| DATA SUPPLIED |
--- --- ---

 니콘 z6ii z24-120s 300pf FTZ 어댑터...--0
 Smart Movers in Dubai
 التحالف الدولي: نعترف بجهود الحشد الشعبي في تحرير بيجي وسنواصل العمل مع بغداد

--- --- ---

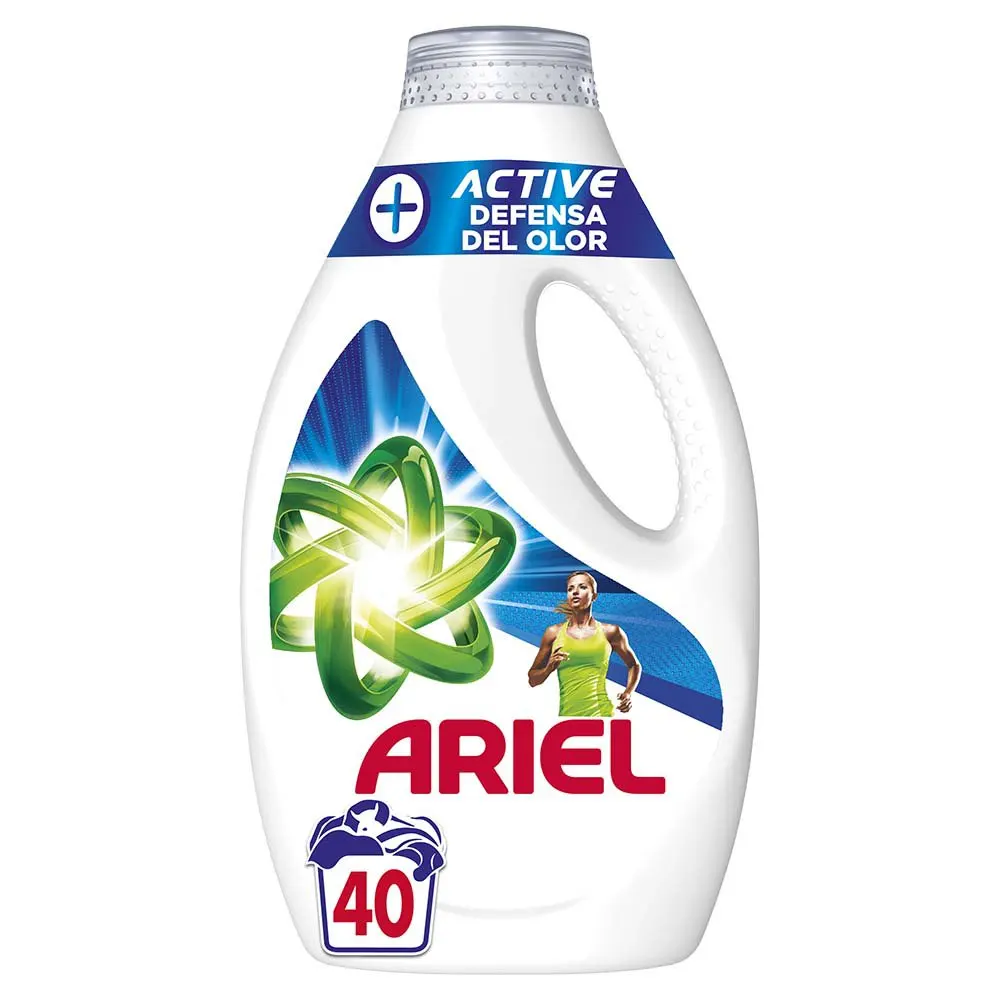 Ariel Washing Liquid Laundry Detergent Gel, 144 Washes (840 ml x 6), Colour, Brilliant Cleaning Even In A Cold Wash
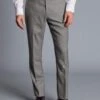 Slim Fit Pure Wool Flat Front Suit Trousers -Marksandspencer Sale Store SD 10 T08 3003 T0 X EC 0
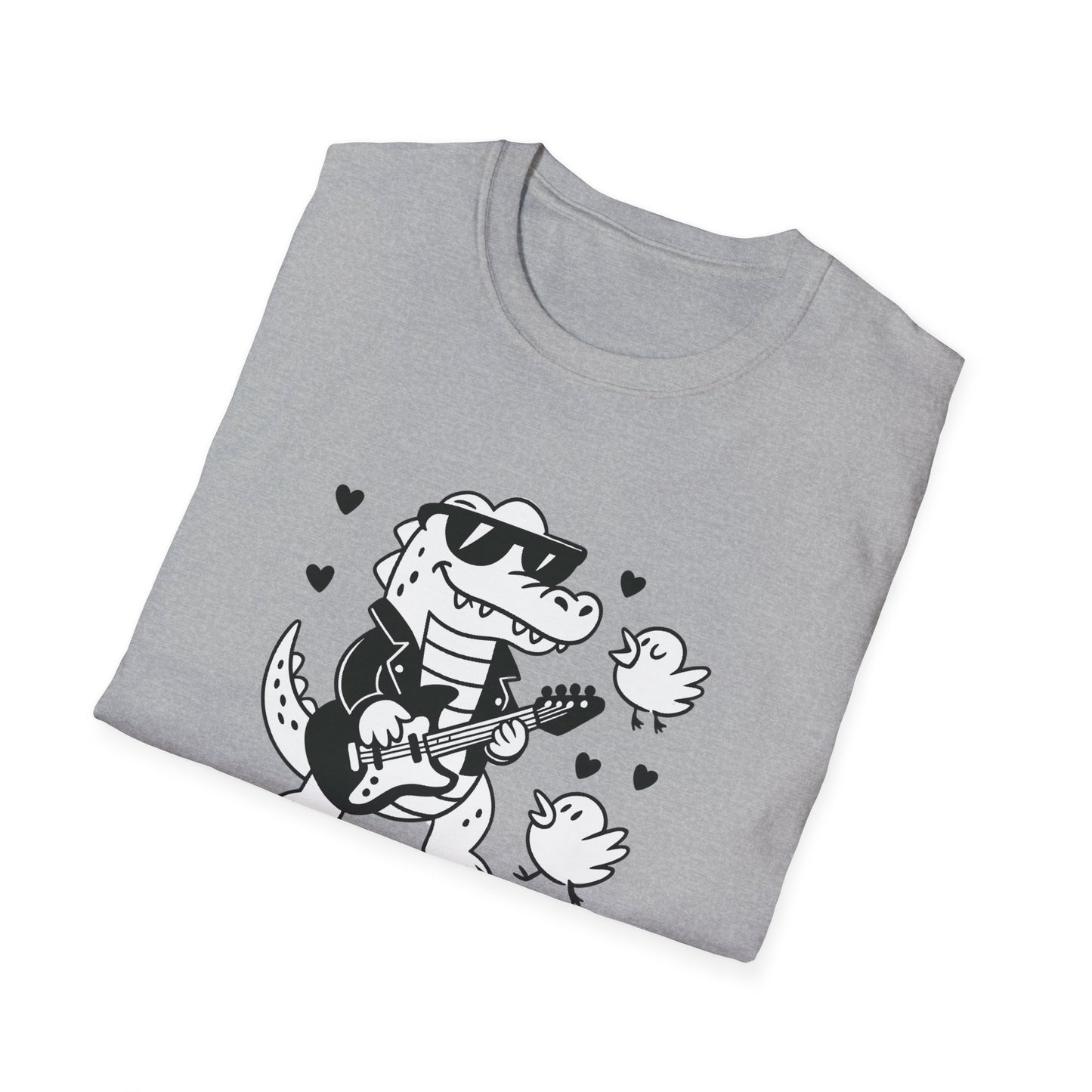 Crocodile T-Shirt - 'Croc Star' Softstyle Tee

--- --- ---

| YOUR INSTRUCTIONS |
Would you output, from the records above, exactly the run of lines that starts at the line containing "니콘 z6ii z24-120s 300pf FTZ 어댑터...--0" and ends at the line containing "التحالف الدولي: نعترف", and only that run?

| RESPONSE AREA |
 니콘 z6ii z24-120s 300pf FTZ 어댑터...--0
 Smart Movers in Dubai
 التحالف الدولي: نعترف بجهود الحشد الشعبي في تحرير بيجي وسنواصل العمل مع بغداد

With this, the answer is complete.